The company also owns and operates Golf Galaxy, Field & Stream, Chelsea Collective, and True Runner specialty concept stores; and e-commerce Websites, such as DICKS.com, golfgalaxy.com, fieldandstreamshop.com, and caliastudio.com.
As of January 30, 2016, it operated 644 Dick's Sporting Goods stores, 73 Golf Galaxy stores, and 19 Field & Stream stores. The company was formerly known as Dick’s Clothing and Sporting Goods, Inc. and changed its name to Dick’s Sporting Goods, Inc. in April 1999.
Dick's Sporting Goods, Inc. was founded in 1948 and is headquartered in Coraopolis, Pennsylvania.”

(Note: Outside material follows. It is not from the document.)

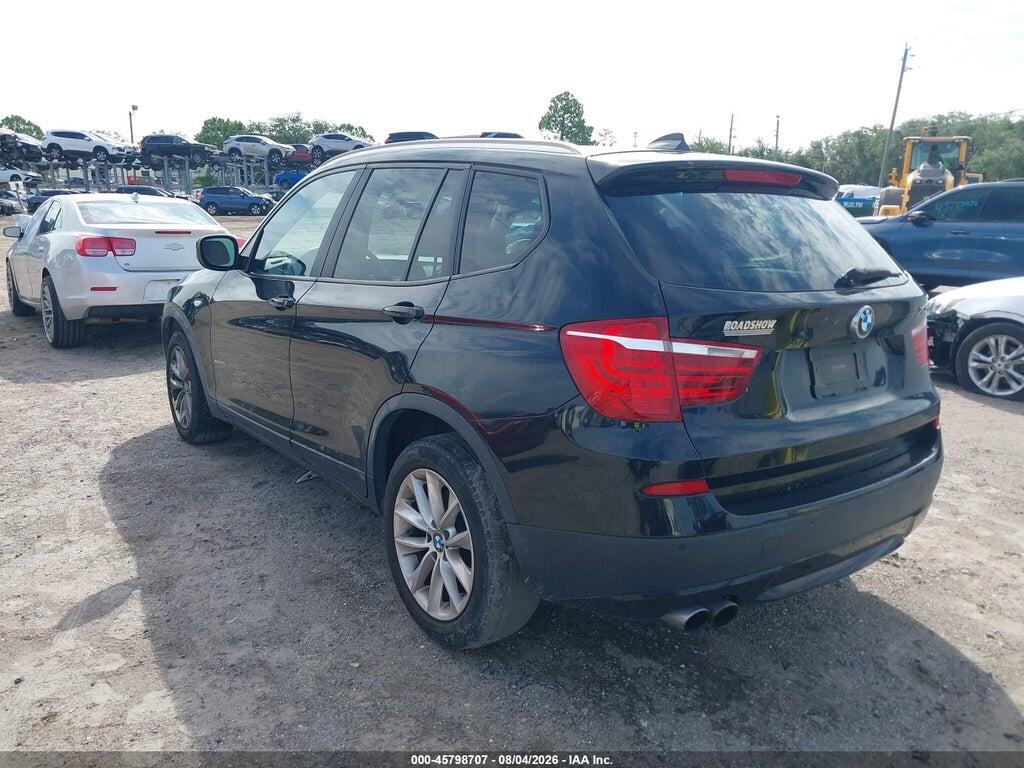 5UXWX9C50E0D16640 2014 BMW X3 photo no. 3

I consider Dick's Sporting Goods, Inc. currently fully valued, if not moderately overvalued. However, the company has historically commanded a premium valuation and the stock currently has momentum coming off of lows set earlier this year. The company has no debt and is expected to grow rapidly over the intermediate and longer-term timeframes.
Summary and Conclusions
The Consumer Discretionary Sector is comprised of businesses that sell what are considered nonessential goods and services to the general public. However, just because a good or service is nonessential, it does not mean that it is not in high demand by consumers. Nevertheless, Consumer Discretionary businesses can be problematic during economic downturns.
On the other hand, the good ones tend to recover and often rapidly once the economy turns around. That is clearly evidenced by the nine research candidates included in this article. Therefore, I offer the above Consumer Discretionary research candidates primarily from the perspective of growth and dividend growth.

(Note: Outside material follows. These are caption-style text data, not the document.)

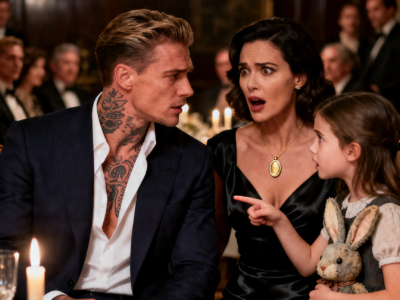 “THAT NECKLACE BELONGS TO MY MOMMY, SIR…” THE MAID’S LITTLE GIRL SAID – AND THE MAFIA BOSS REALIZED HIS FIANCEE HAD BEEN LYING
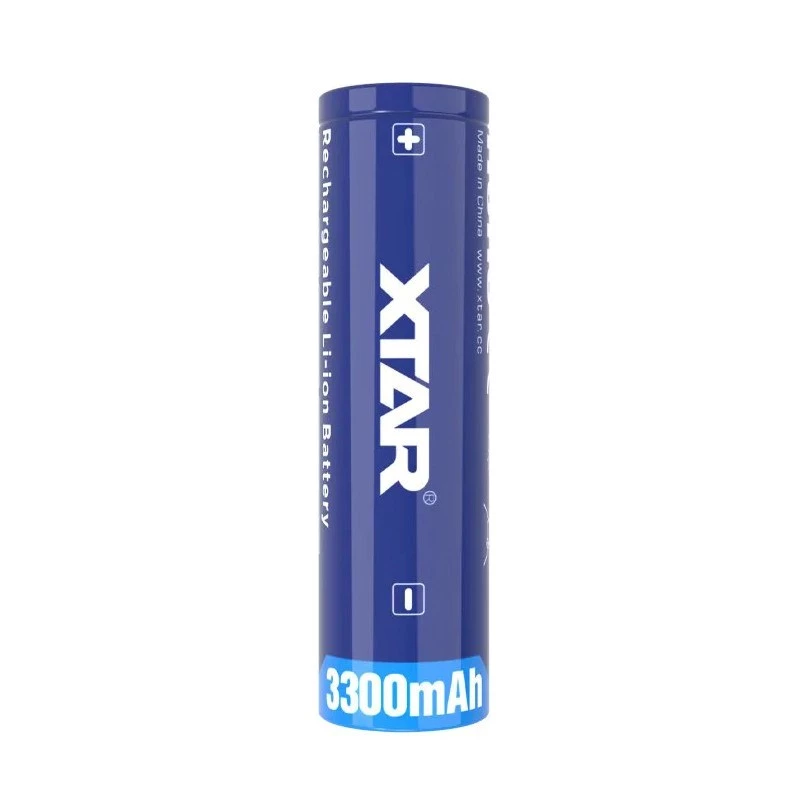 Batterij 18650 3,6V Li-ion 3300 mAh met bescherming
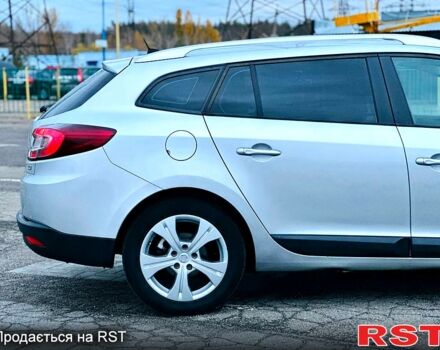 Серый Рено Меган, объемом двигателя 1.5 л и пробегом 345 тыс. км за 6199 $, фото 5 на Automoto.ua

In part 2C I will turn my attention to higher-yielding mid-cap companies for those investors seeking higher dividend income. The primary research candidates I will present in part 2C will cover mid-cap REITs with emphasis on current yield and current valuation.
Disclosure: Long TUP,EAT,MDP,WSM,FL,GNTX,THO
Disclaimer: The opinions in this document are for informational and educational purposes only and should not be construed as a recommendation to buy or sell the stocks mentioned or to solicit transactions or clients. Past performance of the companies discussed may not continue and the companies may not achieve the earnings growth as predicted. The information in this document is believed to be accurate, but under no circumstances should a person act upon the information contained within. We do not recommend that anyone act upon any investment information without first consulting an investment advisor as to the suitability of such investments for his specific situation.